– Эй! – крикнул он девочке.
Я умоляющим взглядом посмотрел на него, мысленно прося заткнуться. Не подействовало.
– Ты как здесь оказалась?
Я готов был его ударить. Зачем? Зачем он это делает?! Неужели у него нет этого чувства тревоги, которое меня, например, в данный момент разрывает? Или это я параноик? Я взглянул на Ксюху. Судя по застывшему на её лице ужасу, она была такого же, как и я, мнения. А где Макс?! Краем глаза я заметил, что он всё ещё стоит в проходе и, прижавшись к стенке, смотрит на нас, дрожа как осиновый лист.
– Эй! Я тебя спрашиваю! – ещё громче крикнул Серёга, прежде чем я успел толкнуть его в бок, чтобы он заткнул, наконец, свой рот.
Девочка перестала плакать. И медленно повернула голову в нашу сторону.

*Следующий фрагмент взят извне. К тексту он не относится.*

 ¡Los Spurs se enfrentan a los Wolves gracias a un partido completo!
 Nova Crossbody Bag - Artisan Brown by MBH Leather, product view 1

На станции повисла гробовая тишина. Я изо всех сил старался не смотреть на неё, желая лишь одного: чтобы всё это исчезло, чтобы всего этого не было. Но вместо этого девочка начала говорить.
– Я поотеряла своего мишкуу… Выы не виидели его?
Она как-то по-змеиному прошипела фразу, нелепо растягивая гласные, словно умственно отсталая. От этого дефекта её речи я моментально покрылся гусиной кожей. Какой-то странный вопрос для ребёнка в такой ситуации. Какого, к чёрту, мишку? Совсем двинутая? Забыла, где находишься? Какая-то сраная игрушка – это всё, что тебя сейчас волнует?!
Тем временем Серёга решил поддержать диалог:
– Ты здесь одна? Где твои роди…
Но она перебила его:
– Выы не вииидели егоо?
Точно двинутая! Пора было как-то заканчивать этот разговор. Пора было просто валить. Я набрался смелости и ответил:
– Нет, не видели.
Девочка наклонила голову набок. Мне показалось, что мой ответ ей очень не понравился. Она думала какое-то время.
– Выы найдете еегооо.
Я не понял, это как вопрос прозвучало сейчас или…
И тут я перепугался до жути.
Прядь спутанных волос отлипла ото лба девочки. Мерцающий луч продолжал тускнеть, но его света ещё вполне хватало, чтобы увидеть её лицо. Увидеть и ужаснуться…
Оно было обтянуто бледной, почти мертвенно-серой, морщинистой кожей. Потрескавшиеся, бескровные губы слегка подрагивали. Помутневшие, будто у покойника, зрачки навели было на мысль, что девочка слепа, но… твою же мать, я нутром чувствовал, что она смотрит прямо на меня. И взгляд этот был… голодным, что ли. Девочка вдруг повела носом, втягивая воздух, и я заметил, как её рот начал медленно растягиваться в уродливую улыбку, обнажая ряд сгнивших зубов, а затем и вовсе в какой-то хищный оскал. В моей голове мольбой трепетала единственная мысль: "Только бы не погас свет, только бы не погас…".